Work instructions =
Retype only the lines running from the beginning of the entries below to the line with "Image 1 of Girls", both included. Do not include pictures.
+ + + + + + +
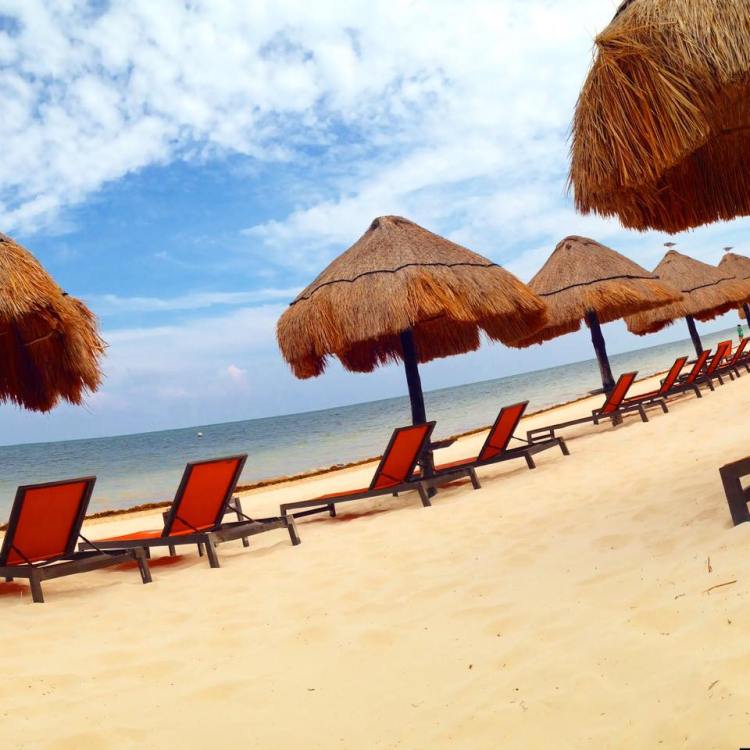 11414771_10153208837060379_1969849766_n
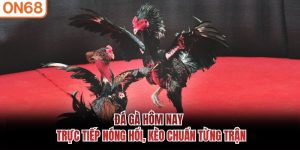 Đá Gà Hôm Nay
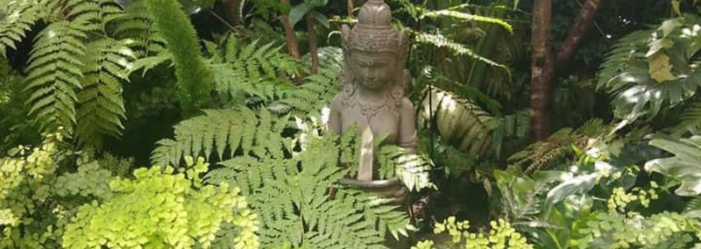 Estatua de piedra de Buda entre exuberantes helechos verdes.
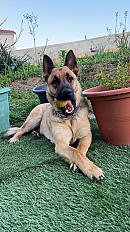 Donne Malinois mâle 3 ans - Loire - Photo 3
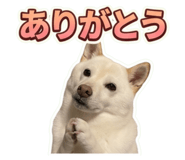 857612721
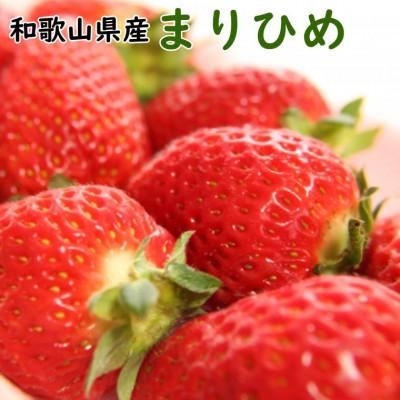 ふるさと納税 古座川町 [3月より順次発送]和歌山県産ブランドいちご「まりひめ」約300g×2パック入り(古座川町)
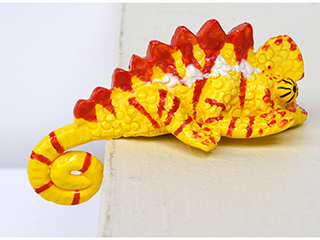 Dwarf Chameleon #8 by , Minette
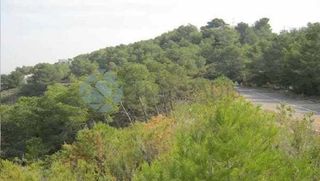 Terreno en venta en Picassent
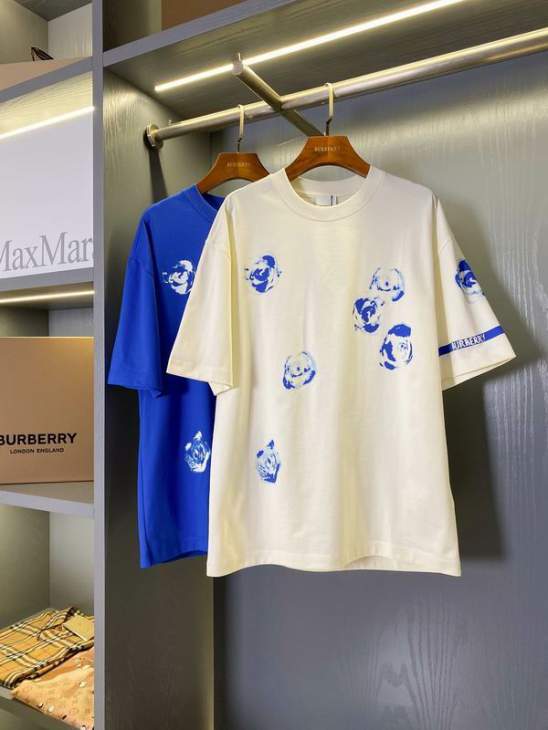 Picture of Burberry T Shirts Short _SKUBurberryS-2XLaztx955819919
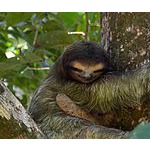 Foto von FrauLisaWagner, Burgenland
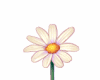(1) "THE DAISY GAME"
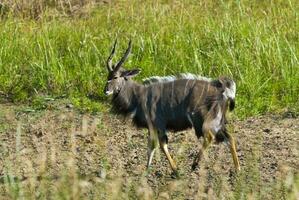 nyala antilope maschio e femmina , kruger nazionale parco, Sud Africa foto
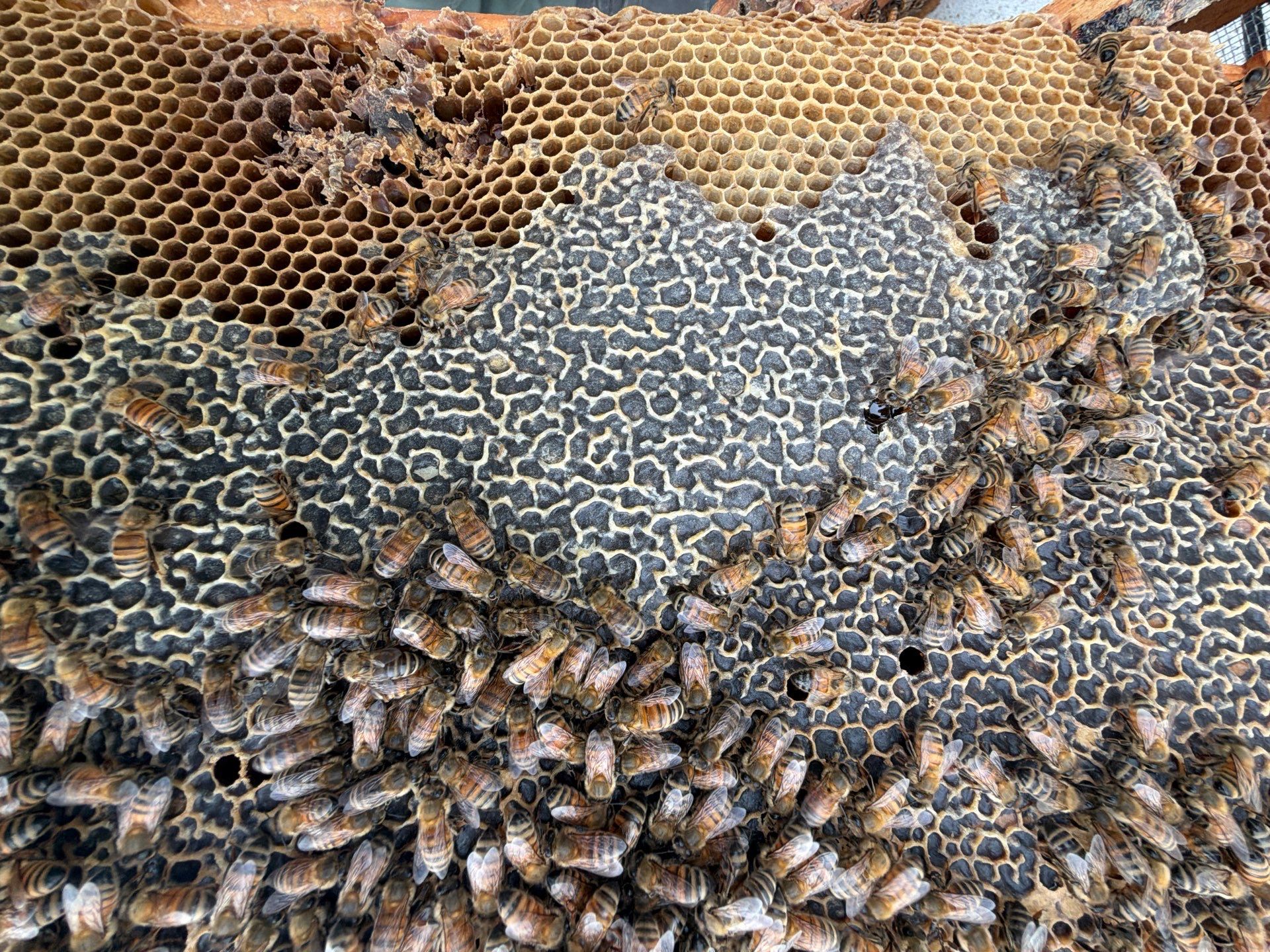 Bees at the Bank! by Rockwall Honey Bee Company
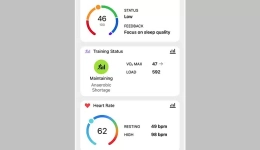 ارتقای مفید Garmin connect با قابلیت Light Mode!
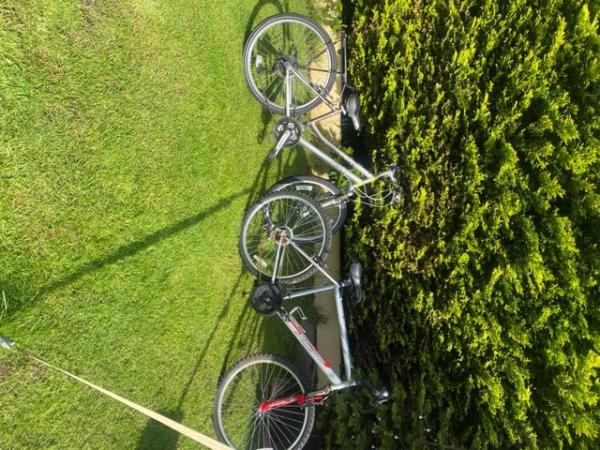 Image 1 of Girls and Boys Bikes , good condition,buyer collects.
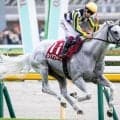 富士Sは前走GI組が複勝率39％ 外枠にも好走傾向
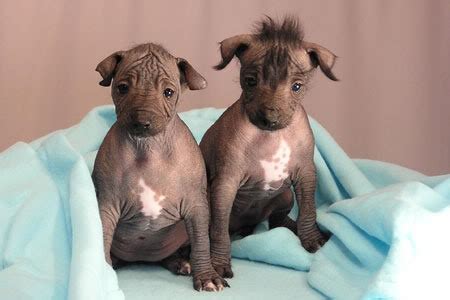 The Hairless Dogs of Peru - Enigma Blog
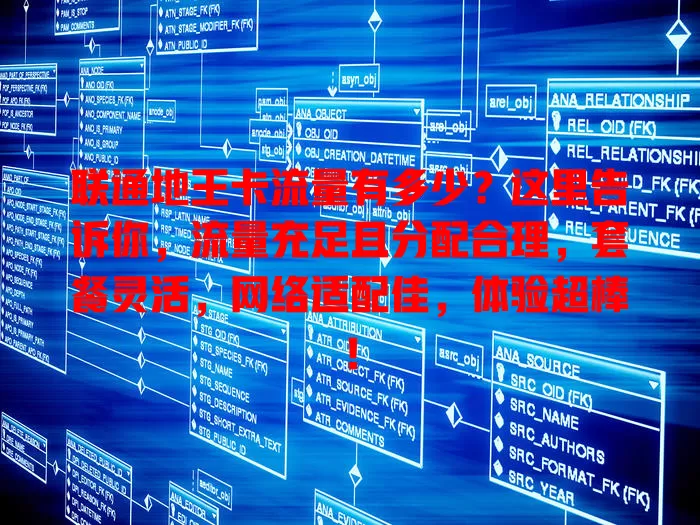 联通地王卡流量有多少?这里告诉你,流量充足且分配合理,套餐灵活,网络适配佳,体验超棒!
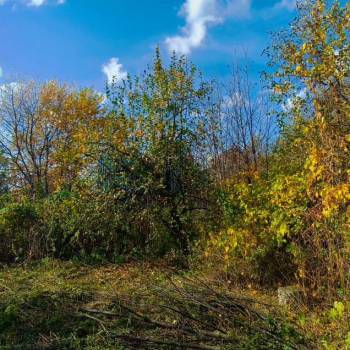 Продается Участок, 400 м²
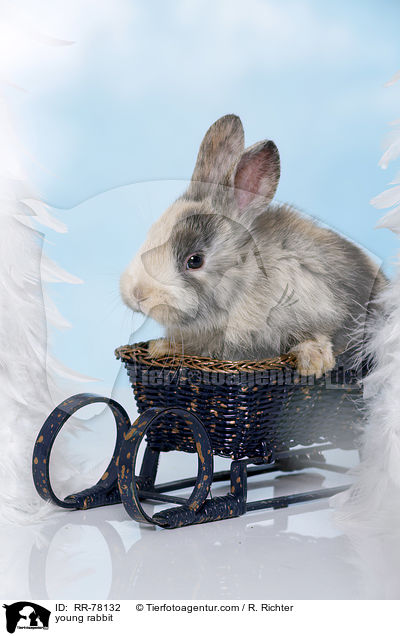 junges Kaninchen / young rabbit / RR-78132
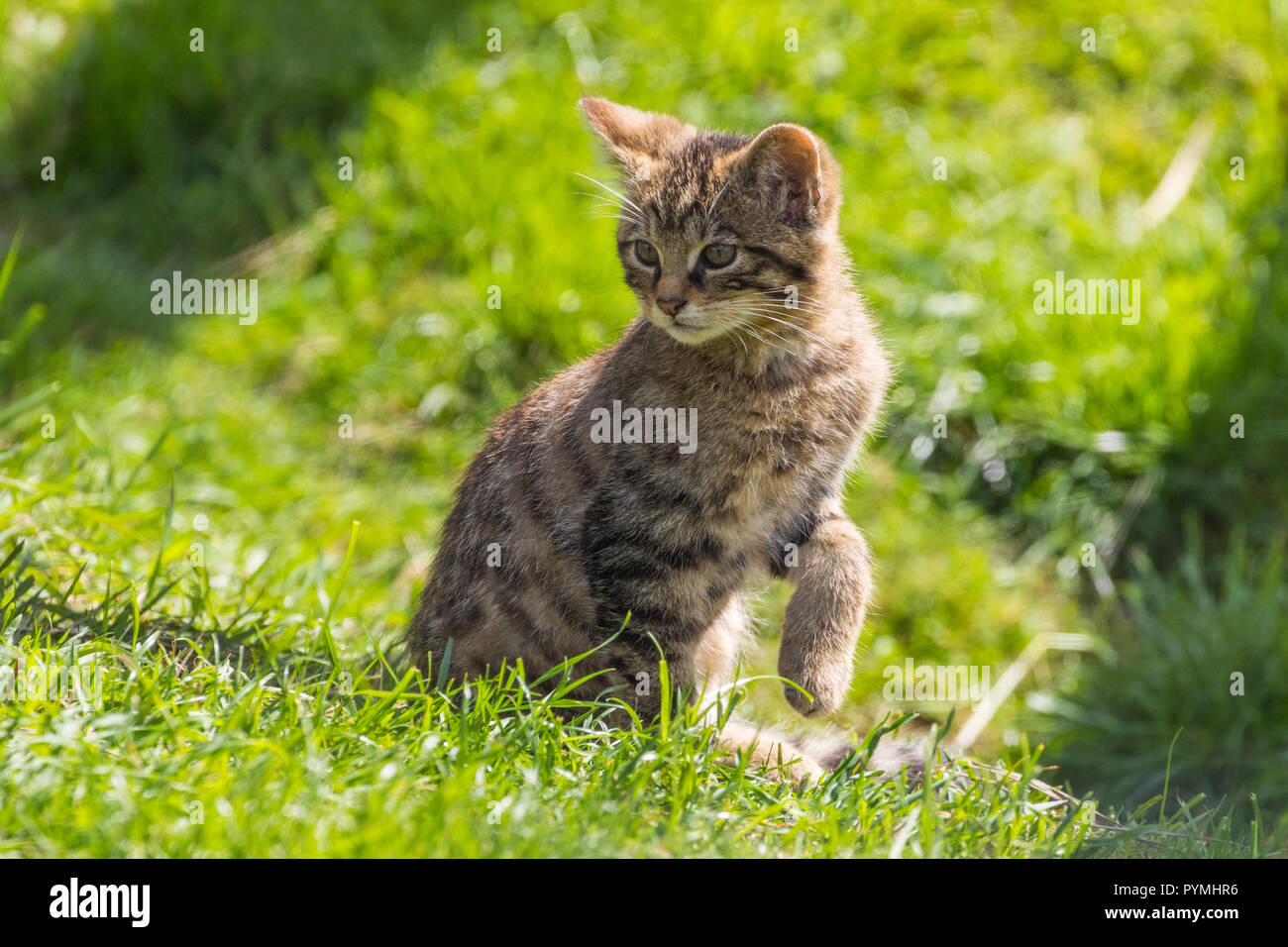 Schottische Wildkatze (Felis silvestris) grampia Kätzchen Stockfoto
+ + + + + + +
Reply to the exercise =
 11414771_10153208837060379_1969849766_n
 Đá Gà Hôm Nay
 Estatua de piedra de Buda entre exuberantes helechos verdes.
 Donne Malinois mâle 3 ans - Loire - Photo 3
 857612721
 ふるさと納税 古座川町 [3月より順次発送]和歌山県産ブランドいちご「まりひめ」約300g×2パック入り(古座川町)
 Dwarf Chameleon #8 by , Minette
 Terreno en venta en Picassent
 Picture of Burberry T Shirts Short _SKUBurberryS-2XLaztx955819919
 Foto von FrauLisaWagner, Burgenland
(1) "THE DAISY GAME"
 nyala antilope maschio e femmina , kruger nazionale parco, Sud Africa foto
 Bees at the Bank! by Rockwall Honey Bee Company
 ارتقای مفید Garmin connect با قابلیت Light Mode!
 Image 1 of Girls and Boys Bikes , good condition,buyer collects.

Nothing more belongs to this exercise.